The media release states there are 700 mainland moose left in the province. This is based on a 2004 analysis of a 2003 study. A 2019 CBC investigation found there could be fewer than one hundred mainland moose left.
Part of the Recovery Plan states that a baseline study of moose population status will be undertaken over the winter to give a clearer picture of the current state of the mainland moose.
The target for getting mainland moose off the endangered list: 5,000 individual moose on the mainland, with 500 minimum in the Tobeatic, Cumberland/Colchester, and Pictou/Antigonish/Guysborough areas. And protected corridors allowing free roam of moose between all three.
Moose habitat near Rocky Point Lake logging
The decline of mainland moose has been a cause for concern near logging operations around Rocky Point Lake in Digby County recently. On Wednesday, a group of protestors led by Extinction Rebellion Mi’kma’ki/Nova Scotia gathered outside the DNRR offices in Halifax to call for the immediate halt of cutting in the area until a recovery plan was put in place for mainland moose.
A day later, that plan was released.
It identifies the “core habitat” of the moose, which spans three major regions of the province (The Tobeatic, Cumberland/Colchester, and Pictou/Antigonish/Guysborough areas). The ESA defines core habitat as “specific areas of habitat essential for the long-term survival and recovery of endangered or threatened species.”
The logging operations near Rocky Point Lake are located within core habiat boundaries.

Nina Newington, a member of Extinction Rebellion who helped organize Wednesday’s protest, said the report is well overdue. She says she’s happy it’s finally been released, but now that core habitat has been identified, there’s more to be done.

“I would like to see them stop the logging and stop the road building, stop the harvesting in these areas, and get a move on with actually designating core habitat. What I don’t want to see is, you know, another version of Lahey.”
Newington is referring to the Lahey Report, a 2018 study with recommendations for creating a more ecological approach to forestry in Nova Scotia. The recommendations have yet to be implemented, and the new provincial government now says it won’t adopt them until 2023 at the earliest.
Moose require diverse forest for food, shelter, and temperature regulation. They also require wooded areas for migration.

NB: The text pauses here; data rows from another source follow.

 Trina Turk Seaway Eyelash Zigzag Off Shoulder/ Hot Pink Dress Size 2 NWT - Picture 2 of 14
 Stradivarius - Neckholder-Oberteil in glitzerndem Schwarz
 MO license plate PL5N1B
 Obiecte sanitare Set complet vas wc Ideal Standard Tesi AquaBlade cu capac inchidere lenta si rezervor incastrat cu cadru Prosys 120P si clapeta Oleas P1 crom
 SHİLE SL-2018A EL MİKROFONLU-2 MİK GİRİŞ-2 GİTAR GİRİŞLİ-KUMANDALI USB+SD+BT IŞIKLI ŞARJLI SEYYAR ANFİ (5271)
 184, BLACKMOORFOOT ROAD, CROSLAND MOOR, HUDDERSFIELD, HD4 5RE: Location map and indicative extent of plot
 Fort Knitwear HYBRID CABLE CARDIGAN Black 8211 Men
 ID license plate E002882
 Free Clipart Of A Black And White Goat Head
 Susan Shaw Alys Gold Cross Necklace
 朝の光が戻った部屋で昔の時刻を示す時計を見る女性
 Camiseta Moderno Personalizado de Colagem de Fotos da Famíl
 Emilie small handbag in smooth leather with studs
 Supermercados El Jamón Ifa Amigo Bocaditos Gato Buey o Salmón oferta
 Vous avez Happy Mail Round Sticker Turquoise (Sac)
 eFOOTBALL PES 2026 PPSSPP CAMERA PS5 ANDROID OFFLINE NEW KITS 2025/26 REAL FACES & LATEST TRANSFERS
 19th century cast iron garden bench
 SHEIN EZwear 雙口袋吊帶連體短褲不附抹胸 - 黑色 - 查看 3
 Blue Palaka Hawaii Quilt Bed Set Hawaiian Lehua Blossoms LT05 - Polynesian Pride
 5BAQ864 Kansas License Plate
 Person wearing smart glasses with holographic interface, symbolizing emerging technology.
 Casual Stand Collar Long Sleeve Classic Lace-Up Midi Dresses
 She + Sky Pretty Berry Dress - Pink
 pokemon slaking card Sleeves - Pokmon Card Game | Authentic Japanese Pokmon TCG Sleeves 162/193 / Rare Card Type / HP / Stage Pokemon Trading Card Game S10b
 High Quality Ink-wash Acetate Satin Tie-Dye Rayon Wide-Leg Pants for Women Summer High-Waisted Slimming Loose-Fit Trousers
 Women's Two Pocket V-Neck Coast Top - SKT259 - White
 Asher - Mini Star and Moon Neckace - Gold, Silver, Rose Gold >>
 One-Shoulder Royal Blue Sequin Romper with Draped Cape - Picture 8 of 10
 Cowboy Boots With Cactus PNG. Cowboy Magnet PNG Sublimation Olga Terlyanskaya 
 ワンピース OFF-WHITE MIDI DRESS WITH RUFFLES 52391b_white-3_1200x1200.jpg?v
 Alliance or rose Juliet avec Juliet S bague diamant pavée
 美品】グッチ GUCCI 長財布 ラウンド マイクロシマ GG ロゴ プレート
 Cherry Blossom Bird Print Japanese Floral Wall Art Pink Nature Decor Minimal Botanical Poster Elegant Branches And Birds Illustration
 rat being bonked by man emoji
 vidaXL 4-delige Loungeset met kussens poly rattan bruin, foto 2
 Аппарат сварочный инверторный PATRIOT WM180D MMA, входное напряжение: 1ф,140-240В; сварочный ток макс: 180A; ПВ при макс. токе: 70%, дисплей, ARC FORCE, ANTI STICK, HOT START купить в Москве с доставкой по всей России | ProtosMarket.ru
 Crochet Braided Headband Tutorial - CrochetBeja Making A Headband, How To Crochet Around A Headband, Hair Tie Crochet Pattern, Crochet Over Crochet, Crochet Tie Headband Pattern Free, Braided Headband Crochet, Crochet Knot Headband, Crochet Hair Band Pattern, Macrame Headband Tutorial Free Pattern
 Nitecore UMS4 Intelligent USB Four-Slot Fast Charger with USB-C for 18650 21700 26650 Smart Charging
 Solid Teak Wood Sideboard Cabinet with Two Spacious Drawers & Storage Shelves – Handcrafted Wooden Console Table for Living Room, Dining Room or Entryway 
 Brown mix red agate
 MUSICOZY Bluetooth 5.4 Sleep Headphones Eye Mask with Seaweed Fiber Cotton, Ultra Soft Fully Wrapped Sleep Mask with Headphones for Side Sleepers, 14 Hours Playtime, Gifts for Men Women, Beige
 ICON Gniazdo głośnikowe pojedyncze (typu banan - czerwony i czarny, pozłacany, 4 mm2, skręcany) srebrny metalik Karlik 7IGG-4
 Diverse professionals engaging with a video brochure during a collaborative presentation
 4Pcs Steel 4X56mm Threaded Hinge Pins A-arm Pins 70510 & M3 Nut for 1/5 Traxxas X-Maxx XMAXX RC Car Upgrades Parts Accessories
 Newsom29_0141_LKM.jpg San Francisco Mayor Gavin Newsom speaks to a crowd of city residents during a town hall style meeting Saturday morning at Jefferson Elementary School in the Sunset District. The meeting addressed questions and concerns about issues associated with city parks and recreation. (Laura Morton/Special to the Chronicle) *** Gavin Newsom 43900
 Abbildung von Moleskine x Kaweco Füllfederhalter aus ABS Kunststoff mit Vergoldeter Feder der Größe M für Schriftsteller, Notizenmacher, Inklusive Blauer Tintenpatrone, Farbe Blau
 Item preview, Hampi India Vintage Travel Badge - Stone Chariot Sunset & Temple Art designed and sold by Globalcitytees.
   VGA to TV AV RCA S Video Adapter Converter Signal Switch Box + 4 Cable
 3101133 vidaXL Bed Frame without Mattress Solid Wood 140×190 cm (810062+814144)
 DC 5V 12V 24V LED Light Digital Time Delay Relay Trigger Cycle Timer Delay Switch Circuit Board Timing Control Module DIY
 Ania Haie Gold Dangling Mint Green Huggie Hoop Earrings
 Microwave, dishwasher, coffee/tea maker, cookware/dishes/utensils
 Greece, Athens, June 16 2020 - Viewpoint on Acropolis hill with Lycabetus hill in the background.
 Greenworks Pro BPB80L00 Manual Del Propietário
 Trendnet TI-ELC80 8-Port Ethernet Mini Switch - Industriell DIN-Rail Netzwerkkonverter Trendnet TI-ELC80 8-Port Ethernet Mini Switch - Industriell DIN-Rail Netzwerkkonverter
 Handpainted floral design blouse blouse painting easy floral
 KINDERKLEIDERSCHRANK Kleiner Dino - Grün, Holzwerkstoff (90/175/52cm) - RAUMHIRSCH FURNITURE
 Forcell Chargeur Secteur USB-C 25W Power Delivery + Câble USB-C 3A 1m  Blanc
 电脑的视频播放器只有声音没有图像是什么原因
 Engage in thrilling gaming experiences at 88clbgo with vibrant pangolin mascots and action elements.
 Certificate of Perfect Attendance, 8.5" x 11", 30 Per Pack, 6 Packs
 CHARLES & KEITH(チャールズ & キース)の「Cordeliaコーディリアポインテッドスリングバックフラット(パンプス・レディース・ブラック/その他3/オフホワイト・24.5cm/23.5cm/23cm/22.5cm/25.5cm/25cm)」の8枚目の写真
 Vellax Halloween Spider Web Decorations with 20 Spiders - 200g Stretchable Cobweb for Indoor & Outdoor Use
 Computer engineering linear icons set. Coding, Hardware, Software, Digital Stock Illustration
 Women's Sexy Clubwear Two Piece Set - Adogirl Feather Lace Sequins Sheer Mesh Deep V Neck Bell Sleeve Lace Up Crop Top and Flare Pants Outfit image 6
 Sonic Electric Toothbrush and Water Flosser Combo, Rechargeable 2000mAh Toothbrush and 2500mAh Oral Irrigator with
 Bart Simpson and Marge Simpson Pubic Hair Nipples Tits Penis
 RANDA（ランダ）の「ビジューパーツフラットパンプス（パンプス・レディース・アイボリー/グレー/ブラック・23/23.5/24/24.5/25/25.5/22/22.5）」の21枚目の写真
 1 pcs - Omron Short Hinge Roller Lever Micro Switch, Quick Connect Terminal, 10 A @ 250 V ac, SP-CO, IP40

Logging roads, as well as regular roads and highways, block moose from moving freely around the province.
Bob Bancroft, the president of Nature Nova Scotia and former member of the mainland moose recovery team that put out the 2007 plan, also wants to see cutting stopped in the newly identified core habitat.
“There should be a moratorium,” he said in an interview. “They’ve declared a lot of core habitat without doing anything about it near as I can tell.”
Now that core habitat has been identified, the ESA gives Minister of Natural Resources and Renewables Tory Rushton the authority to designate that land “core habitat,” and “may make regulations respecting all or any specific core habitat for the purpose of controlling, restricting, or prohibiting any use of, access to, [or] activity” on that identified land.
Bancroft says follow-up regulations are pivotal.
“If the environmental assessment [of cutting] changes as a result of this new plan, that’ll be a real positive thing.”
Bancroft says what WestFor is doing near Rocky Point Lake is clearcutting. WestFor put out a media release Wednesday saying 60% of the trees at this site will be left standing and they are not clearcutting.

In an email to the Examiner the DNRR said they’ve conducted several on-site visits and are satisfied that the work being carried out is meeting or exceeding the requirements of standard management practices. These standard management practices were in place before the recovery plan was released and WestFor has been operating under them since they began cutting. Standard management practices and department oversight will remain in place for all harvests in the area, they say.
With regards to implementing the plan, the department had this to say:
“We’re assessing the best ways to put the recovery plan into action, including if and where designation is the right tool to manage core habitat. Until that time, we will continue to apply our existing practices for managing moose habitat which are designed to maintain important forest features for moose in these areas.”
Plan contains “unknowns” about recovery of moose
The plan identifies four criteria that must be met for recovery of mainland moose in Nova Scotia to be achievable.
The recovery team found that, for the foreseeable future, there are still enough breeding moose to sustain the population and increase numbers. But, they said it’s “unknown” if the other three criteria can be met.
It is unknown if:
- Sufficient suitable habitat is available to support the species or could be made available through habitat management or restoration.
- The primary threats to the species or its habitat (including threats outside Canada) can be avoided or mitigated. (ie. habitat loss and fragmentation, poaching, disease, and climate change).
- Recovery techniques exist to achieve the population and distribution objectives or can be expected to be developed within a reasonable timeframe.
- Protection of Core Habitat, road management, forest management guidance for Crown and private lands, policy changes, and enhancement to existing policies and guidance are vital.
This article has been updated to include a response from the Department of Natural Resources and Renewables.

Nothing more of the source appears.